• _Supplied data_:
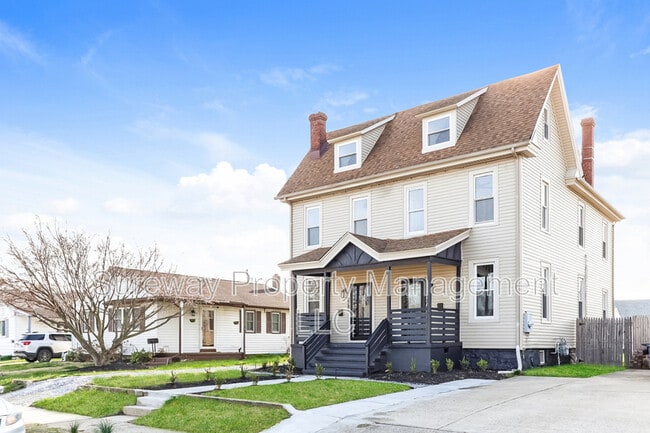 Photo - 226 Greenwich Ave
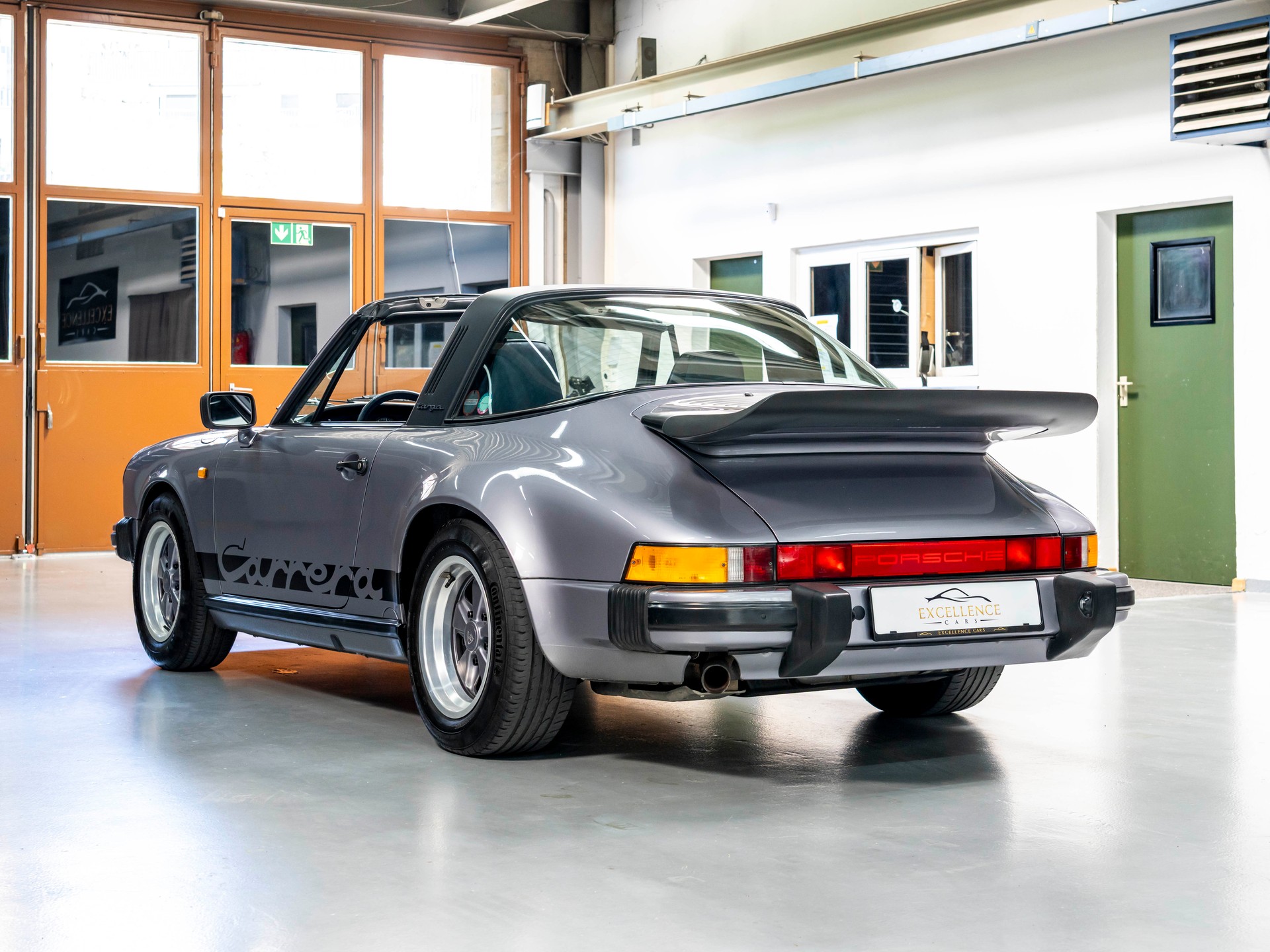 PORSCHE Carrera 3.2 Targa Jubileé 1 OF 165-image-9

--

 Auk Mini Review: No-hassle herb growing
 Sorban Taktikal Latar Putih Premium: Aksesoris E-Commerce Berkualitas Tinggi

• _Required work_:
Lines from the one above containing "Photo - 226 Greenwich Ave" down to the one containing "PORSCHE Carrera 3.2" should be transcribed exactly, with both ends kept and no pictures.

• _Reply to the task_:
 Photo - 226 Greenwich Ave
 PORSCHE Carrera 3.2 Targa Jubileé 1 OF 165-image-9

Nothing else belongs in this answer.